Entries provided:
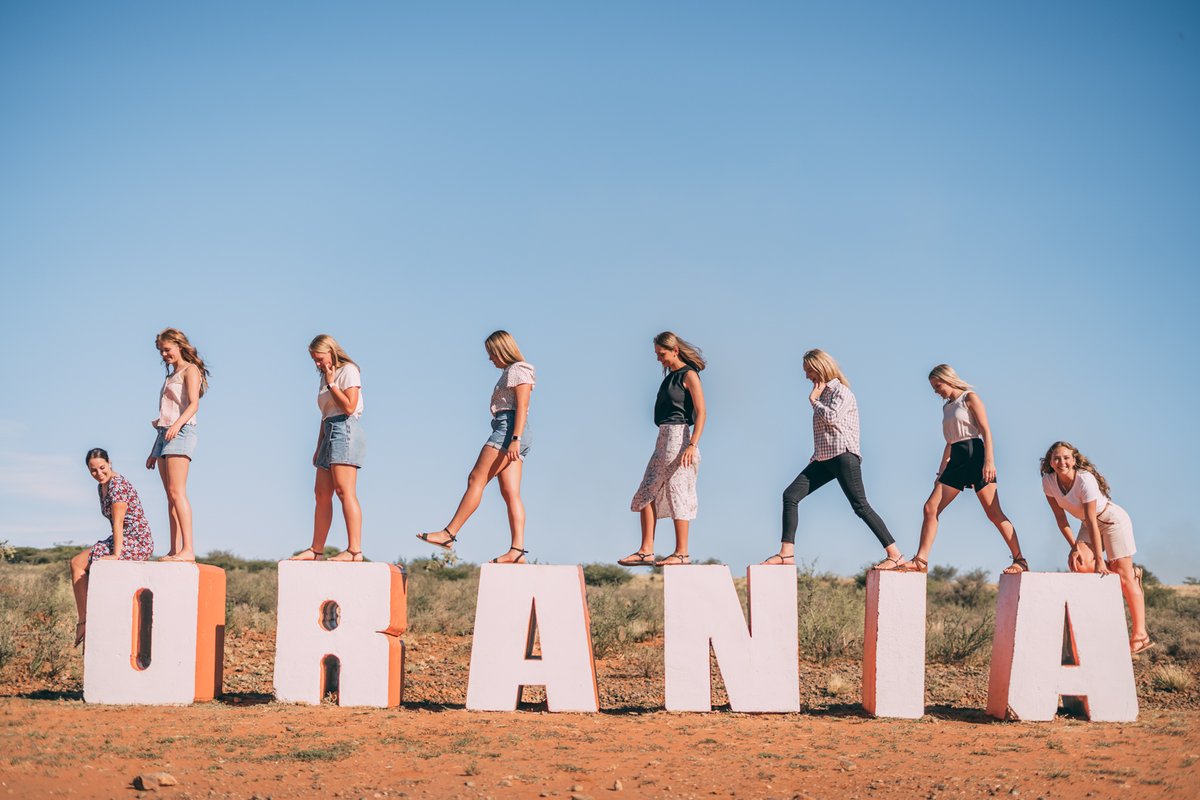 FransdeKlerk77's tweet photo. According to a community survey, Orania has a happiness index of 6.8 (out of 10). 
Here are some other figures:

Finland - 7.7
Iceland - 7.5
Denmark - 7.5
USA - 6.7
South Africa - 5.0
Namibia - 4.8
Lesotho - 4.4
Zimbabwe - 3.3 https://t.co/CNK9LZqq3u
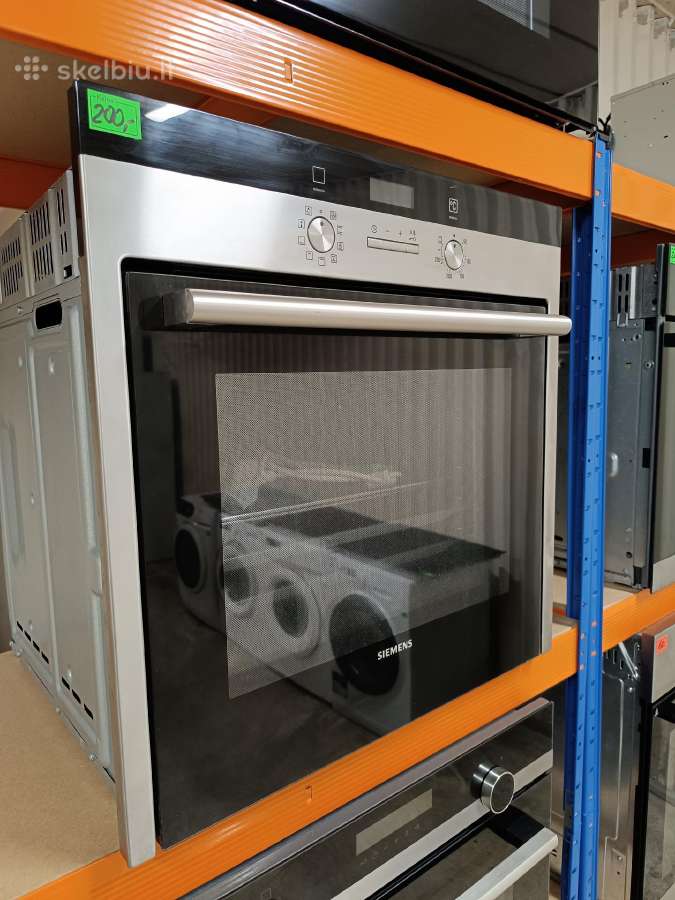 Įmontuojama orkaitė " Siemens"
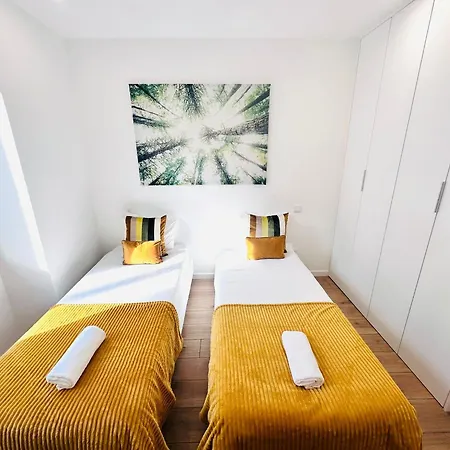 The Antonio Pedro House - No 2d - Stunning Three-bedroom * Lisbon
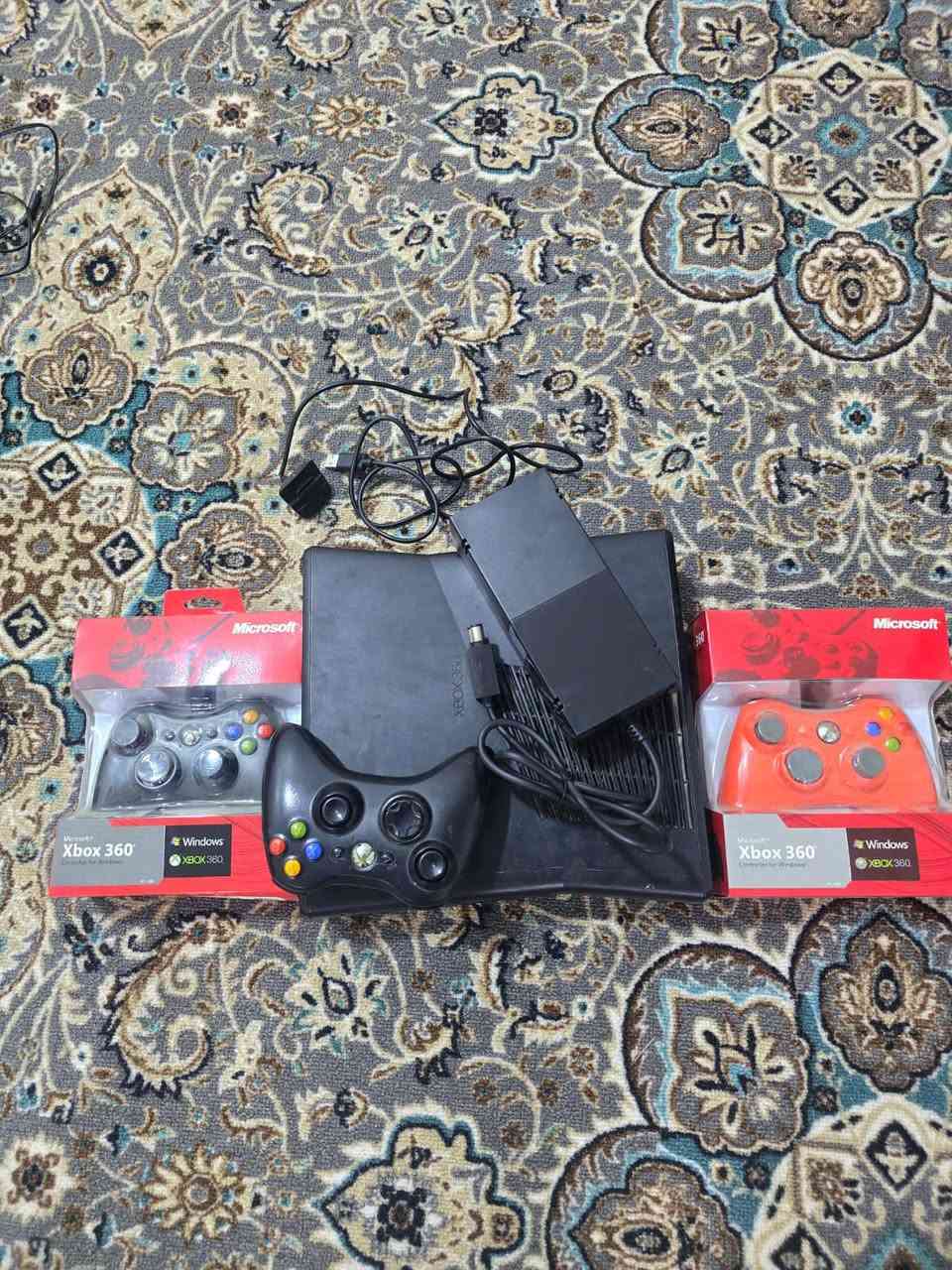 للبيع Xbox 360 بحالة ممتازة 🎮🔥
الجهاز شغال 100% وما بيه أي مشكلة.
ويّا الجهاز:
3 يدات تحكم
أسلاك كاملة + محولة كهرباء
يدات جديدة بالكارتون
نظيف جداً وجاهز للفحص والتجربة.
السعر: (125الف)
المكان: (بغداد بوب الشام )
للمهتم يراسلني خاص.


**إذا كنت صاحب هذا الإعلان وتريد حذفه لأي سبب، رجاءا أرسل رسالة إلى الدعم الفني**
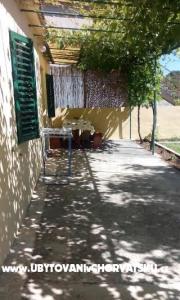 Apartmaji Turanj foto 4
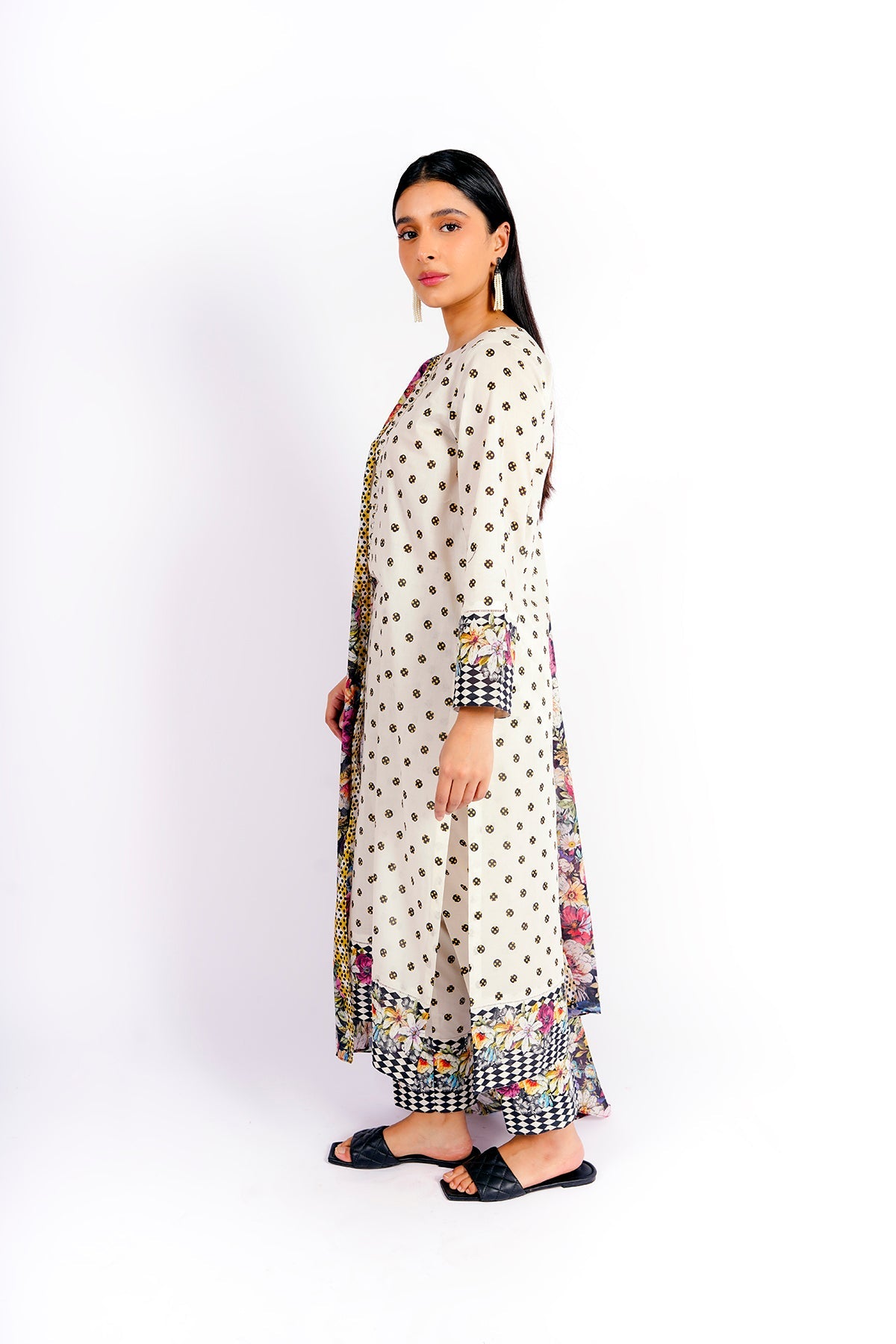 Kayseria - 3 Piece Cotton Lawn Suit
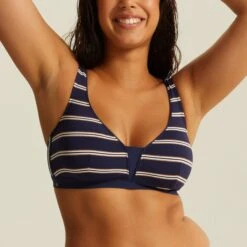 Haut De Maillot Sans Armatures Marine Précieux TAVOLARA -Bestform Lingerie Soldes Magasin CS21103 A27 WEB 11 f9618fab 8b05 458b be68 0583f34352c3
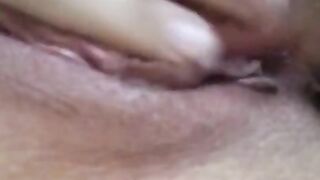 Wet Pussy Lips Enjoying Daily Twitching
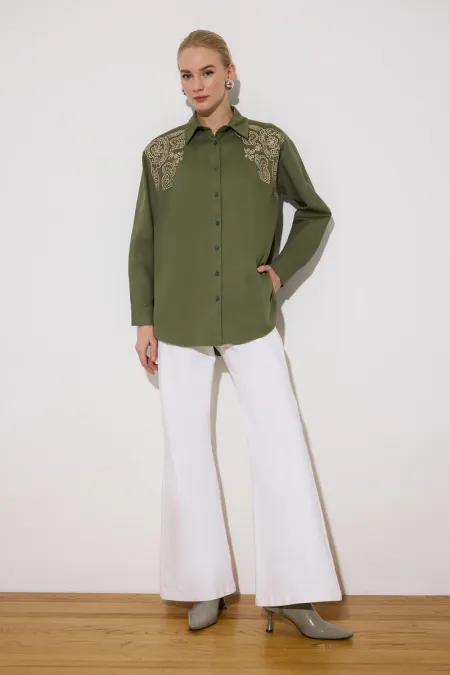 CHEMISE SURDIMENSIONNÉE AVEC BRODERIE SUR LE DEVANT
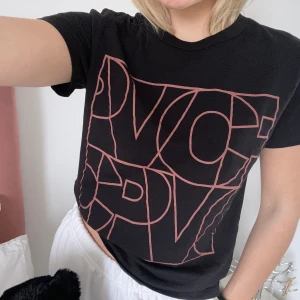 Stilren t-shirt - Cool t-shirt från vero moda. Köparen står för eventuell frakt.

Work required:
Using the data above, output the line that has "Haut De Maillot", the line that has "CHEMISE SURDIMENSIONNÉE AVEC", and whatever lines fall between, each exactly as it stands and without pictures.

Reply to the task:
 Haut De Maillot Sans Armatures Marine Précieux TAVOLARA -Bestform Lingerie Soldes Magasin CS21103 A27 WEB 11 f9618fab 8b05 458b be68 0583f34352c3
 Wet Pussy Lips Enjoying Daily Twitching
 CHEMISE SURDIMENSIONNÉE AVEC BRODERIE SUR LE DEVANT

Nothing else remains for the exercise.